This discomfort at the waxworks in MT was alleviated as soon as one passed into the sports section – I do not invest in Sachin Tendulkar and Johnny Wilkinson with the same level of desire as I do film stars – only to resurface somewhat before Christina Aguilera, Beyoncé Knowles and others in the music section – because music stars are in videos. That is, they are also images.

(This feeling finally died away again in the politics section where, bizarrely, Mohamed Fayed had a waxwork – probably the only person, I speculated to myself, who paid to be featured as a waxwork, so desperate is he to become light.)

Now, the desire to become light – the illness/addiction that cinema and other moving image technologies has induced in human beings such as myself – is problematic because it is based upon exceptionalism.

This is to do with speed. Those who can afford to move quickly, they are closer to becoming light. They are closer to becoming images. And when your image travels around the world faster than your body ever could, then you have become light. (This is why people are addicted to Facebook.) And what enables speed – is wealth. And wealth is the remit of the few, the seldom few, not of the many.

Furthermore, the issue with overemphasising light is that it means that all that is not brought to light is overlooked. It is forgotten, since memory has become conflated with light and the testimony of those who physically bear the scars of history are counted for nil if those wounds cannot be exposed as easy-to-consume images.

In some senses, this strikes me as the theme of the masterful Patricio Guzmán’s wonderful Nostalgia for the Light. For, this film is about precisely the role that light plays in memory.

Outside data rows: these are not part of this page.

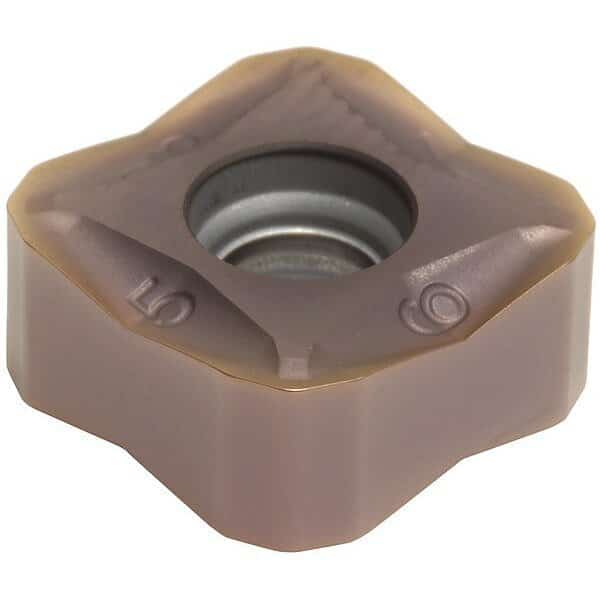 Milling Insert, ACK300 Grade, Carbide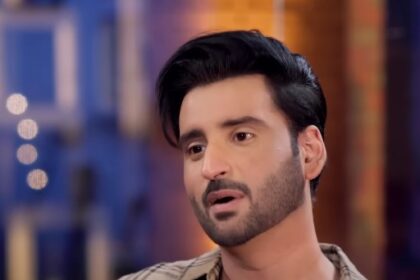 شوبز کے معروف اداکار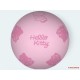Mondo - 7905 - Jeu de Plein Air - Balle Mousse - Hello Kitty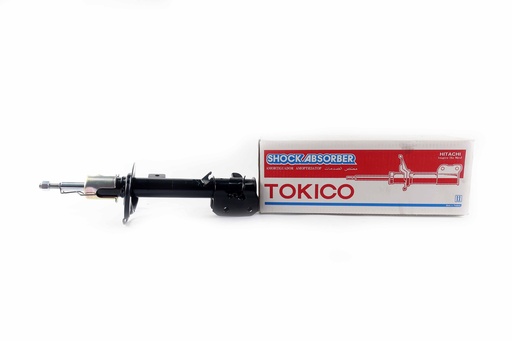 [BA0401000276] โทคิโกะ(Tokico) โช้คอัพหน้าขวา สตรัทแก๊ส ซูซูกิ สวิฟท์ 2012-2017 ZC72S,ZD72S B2344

Let us work through this. To suggest that we can have nostalgia for the light suggests that the light is no longer with us. And this is in part Guzmán’s thesis. Both much of the universe and those who were disappeared in Chile under General Pinochet remain shrouded in darkness: invisible and therefore forgotten. And we should not ignore the darkness. Indeed, at one point Guzmán asks us to look beyond the light – paradoxically to see into the darkness, to see all of reality. In my own words, to concentrate solely on the light means to lead a Luciferean existence whereby only the lit is important. God, however, is in darkness. We must remember the crucial role that darkness plays in the universe. And while we might suspect that even the darkest secret will eventually come to light (because some enlightenment takes a long time, it must wade through darkness before any actual enlightenment could ever take place), the fact remains that some things will never really come to light, some mysteries will remain – unless we start to believe in that which we cannot see. And even though the slaughter of thousands of Chileans was and perhaps always will be invisible, meaning that we must feel nostalgia for the light because of its absence, we must also learn to appreciate darkness, to believe in things – perhaps God himself – even though/precisely because there is no evidence of or light to prove him.

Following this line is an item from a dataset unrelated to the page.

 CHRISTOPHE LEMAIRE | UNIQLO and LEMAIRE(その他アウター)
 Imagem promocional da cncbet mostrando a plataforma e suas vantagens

When we look only at the light, when we mistake the map for the terrain, then we are in the realm of the hyperreal. And yet sometimes we must travel the terrain, not at light speed, but slowly – because this is the only way in which we will ever really know the world in which we live, when we experience it physically and not as an image travelling through it in an ethereal fashion/when we only travel through ether.

This seems to be the theme of Swandown, in which director Andrew Kötting and writer Iain Sinclair travel from Hastings to Hackney via swan-shaped pedalo. To go slowly, to see all of the dark, off-the-map bits of space in between the light, the emphasised areas of the map.

It is perhaps the film’s only pity that it involves celebrity interludes from the likes of Stewart Lee, Alan Moore and others. These are not bad per se, but nor are they particularly enthralling. It is nice to see how ‘normal’ they are as people – their ‘banter’ is mildly amusing, but not electric. Nonetheless, part of the brilliance of, say, Gallivant (Andrew Kötting, UK, 1997) is that it finds magic in countless regular people up and down the land as the director travels with his mother and daughter in search of authentic British people.

Finally – and apologies for being so circumspect/suggestive/imprecise on this blog – part of the brilliance of Searching for Sugar Man is the example that the film makes of forgotten folk singer Rodriguez. Not only does the film suggest the role that music can play in bringing about social change, but it also has Rodriguez adhere (with some economy of truth, no doubt) to a principle whereby becoming light, becoming an image, is not what he chooses for himself (even though this happens simply by virtue of his being in a film and/or being a music star).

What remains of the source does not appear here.